Locomotion is controlled through interactions between the nervous system and mechanics of an animal’s body. This control is hierarchical, with local networks of neurons handling rapid reflex actions and brain centers serving to navigate an animal with respect to environmental sensory cues. In many animals, such as in swimming fish and running centipedes, local controllers coordinate with one another rather than depending solely on instructions from the animal’s brain; this coordination is reminiscent of how animals in a group coordinate their collective behavior. The supported research aims to develop theory on how these local interactions guide animal locomotion.
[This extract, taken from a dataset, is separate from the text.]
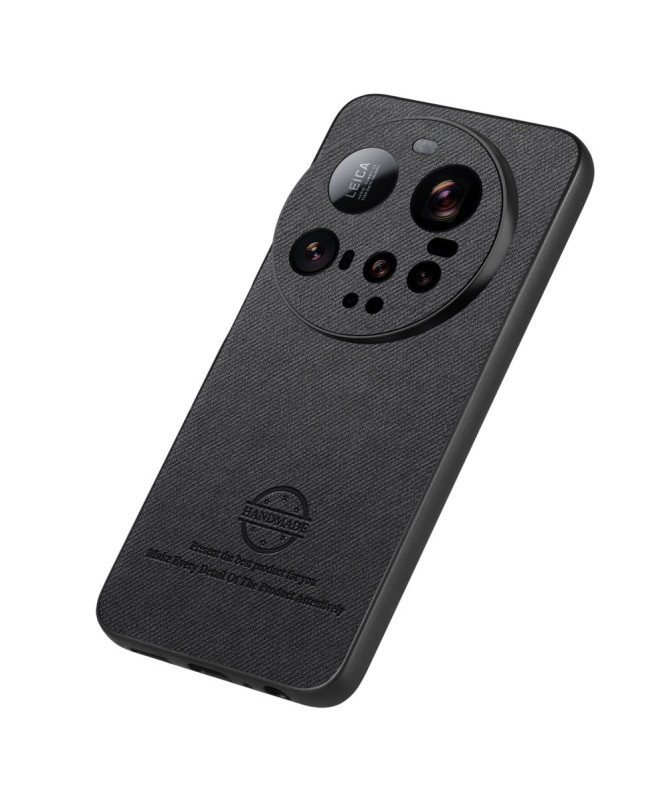Coque Xiaomi 15 Ultra Texture Tissu Premium
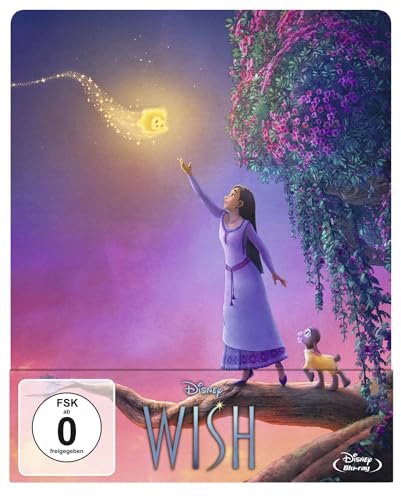 (-56%) Wish Bd (Lim. Steelbook) [Blu-ray]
This work will focus on sea stars, which use hundreds of tube feet to navigate through rough marine terrain with a distributed nervous system and no brain. The research will combine experimentation, mathematical modeling, and machine learning to understand how the mechanics of the tube feet and body govern the hierarchical control of locomotion. A general theory for locomotor control has the potential for applications in numerous areas of biological and engineering research. This work will enhance our understanding of how diverse animals control locomotion and will generate novel paradigms for the design of soft robots. The proposal will support science and engineering training opportunities for under-represented minorities. It will develop software that will be made freely available to the community of scientists and engineers. The investigators will additionally engage K-12 citizen-scientists on research projects that will be based at a public aquarium.
Animal locomotion is mediated in part by local nervous controllers that interact with one another in a manner similar to the collective behavior of animal groups. The supported research will develop the theory of collective neuromechanical control through experimentation and mathematical modeling focused on sea stars. The arrays of tube feet used by these animals provide sensing, integration, and actuation that is distributed throughout the body. This work will be organized around lines of investigation that seek to (1) understand how tube feet are controlled locally, (2) examine how sea stars climb and run, and (3) investigate how sea stars navigate with respect to light and gravity. Throughout, we will use reinforcement learning to formulate hypothetical control laws that we will test experimentally. Collective neuromechanical control offers great potential to influence our understanding of animal locomotion and to inspire the development of engineered devices. The tube feet of sea stars can inform knowledge of the neuromuscular control of other biological as well as soft robotic systems. The proposed work is highly interdisciplinary, with all components requiring interdependent efforts in engineering and biology.
This award reflects NSF's statutory mission and has been deemed worthy of support through evaluation using the Foundation's intellectual merit and broader impacts review criteria.